The Assistant Registrar compared the above example with the clause used in Tembusu and Actatek's Agreement:-  

“Entire Agreement: This Agreement embodies all the terms and conditions agreed to by the Parties and supersedes and cancels all previous representations, warranties, agreements and understandings between the Parties with respect to subject matter herein whether such be written or oral.”

In that regard the Assistant Registrar found the entire agreement clause in Tembusu and Actatek's Agreement did not contain such "clear and unambiguous language" so as to exclude implied terms, which the entire agreement clause in Westcomb Securities did by making explicit reference to the exclusion of any implied terms.  

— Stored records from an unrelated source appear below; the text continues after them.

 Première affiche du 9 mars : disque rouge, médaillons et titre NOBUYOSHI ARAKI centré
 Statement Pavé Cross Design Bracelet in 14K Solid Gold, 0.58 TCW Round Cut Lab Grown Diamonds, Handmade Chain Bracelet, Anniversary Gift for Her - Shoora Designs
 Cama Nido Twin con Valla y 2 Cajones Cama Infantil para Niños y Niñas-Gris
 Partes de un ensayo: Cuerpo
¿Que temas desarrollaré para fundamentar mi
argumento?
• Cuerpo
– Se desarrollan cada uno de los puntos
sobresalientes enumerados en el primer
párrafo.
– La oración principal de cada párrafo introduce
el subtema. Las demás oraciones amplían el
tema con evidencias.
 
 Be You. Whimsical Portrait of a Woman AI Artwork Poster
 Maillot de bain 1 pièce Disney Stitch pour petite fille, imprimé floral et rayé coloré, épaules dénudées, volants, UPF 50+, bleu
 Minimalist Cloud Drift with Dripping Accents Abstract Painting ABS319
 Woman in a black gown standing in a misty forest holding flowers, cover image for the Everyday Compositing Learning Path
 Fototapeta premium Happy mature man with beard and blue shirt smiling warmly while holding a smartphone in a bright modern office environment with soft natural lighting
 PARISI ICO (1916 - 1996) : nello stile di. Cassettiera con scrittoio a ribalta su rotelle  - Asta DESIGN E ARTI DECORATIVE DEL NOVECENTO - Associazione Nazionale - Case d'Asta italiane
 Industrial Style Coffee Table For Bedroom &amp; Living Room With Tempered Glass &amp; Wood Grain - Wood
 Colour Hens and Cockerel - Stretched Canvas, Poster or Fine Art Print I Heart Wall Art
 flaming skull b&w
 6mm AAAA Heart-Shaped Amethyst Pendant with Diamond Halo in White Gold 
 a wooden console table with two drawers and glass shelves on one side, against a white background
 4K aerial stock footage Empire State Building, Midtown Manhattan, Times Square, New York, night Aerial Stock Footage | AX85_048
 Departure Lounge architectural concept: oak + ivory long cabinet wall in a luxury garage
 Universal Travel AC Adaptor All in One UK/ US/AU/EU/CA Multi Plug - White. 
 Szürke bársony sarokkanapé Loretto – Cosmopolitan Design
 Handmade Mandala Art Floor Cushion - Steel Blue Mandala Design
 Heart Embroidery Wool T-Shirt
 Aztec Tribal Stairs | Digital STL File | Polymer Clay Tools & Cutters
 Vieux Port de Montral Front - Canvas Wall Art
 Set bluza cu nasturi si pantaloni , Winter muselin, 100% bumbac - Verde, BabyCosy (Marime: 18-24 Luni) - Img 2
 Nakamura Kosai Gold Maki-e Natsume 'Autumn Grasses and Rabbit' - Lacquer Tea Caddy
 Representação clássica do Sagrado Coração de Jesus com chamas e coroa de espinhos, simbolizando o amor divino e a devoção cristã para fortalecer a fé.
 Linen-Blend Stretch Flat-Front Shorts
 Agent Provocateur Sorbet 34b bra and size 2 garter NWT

Turning on the interpretation of the entire agreement clause in the Agreement, the circumstances and context of the negotiations and the contract, it was found that the Manner of Use Document was, by implication, part of the Agreement. On this reasoning, the High Court found it to be an implied condition of the Agreement that the investment monies be used only in accordance with Actatek’s stated uses in the Manner of Use Document and consequently that payment of the salaries of Actatek’s directors was a breach of that condition.  

The Assistant Registrar further found that the Manner of Use Document was not just descriptive but rather prescriptive. Actatek was bound to use the investment monies in accordance with the Manner of Use Document. Unlike an ordinary lender, the interest of a venture capitalist such as Tembusu in a target company is to sustain and grow the company's business and in Actatek's case, to list on the stock exchange after which Tembusu would convert its loans into shares. Tembusu therefore had a direct interest in the use of the investment monies.  

The takeaway for investors to control use of invested funds

In order to avoid disputes and arguments similar to Tembusu and Actatek's, investors (and lawyers) may find it prudent to detail the specific manner in which investors intend for their target companies to use the investment proceeds. They can do this via express provisions in the investment agreement, either by incorporating a list of uses within the main agreement or by express reference in the main agreement to an annexure detailing the manner of use (i.e. a Manner of Use Document).  

The investor can also strengthen its position with a clause providing that such a list of uses is exhaustive and that the proceeds may not be used for any other purpose except with the investor’s consent. For example, the investor could consider stipulating that the invested funds will be used specifically for expansion to other regions or purchase of capital equipment and not, unless otherwise agreed or with the investor’s consent, be used to repay certain debts or redeem shareholders’ loans.  

On its part, a target company should clarify with its investors any doubts it may have in the use of such funds, as the purpose it envisions or manner of use that it contemplates may not be all encompassed in general "Working Capital" statements as is often provided in investment agreements.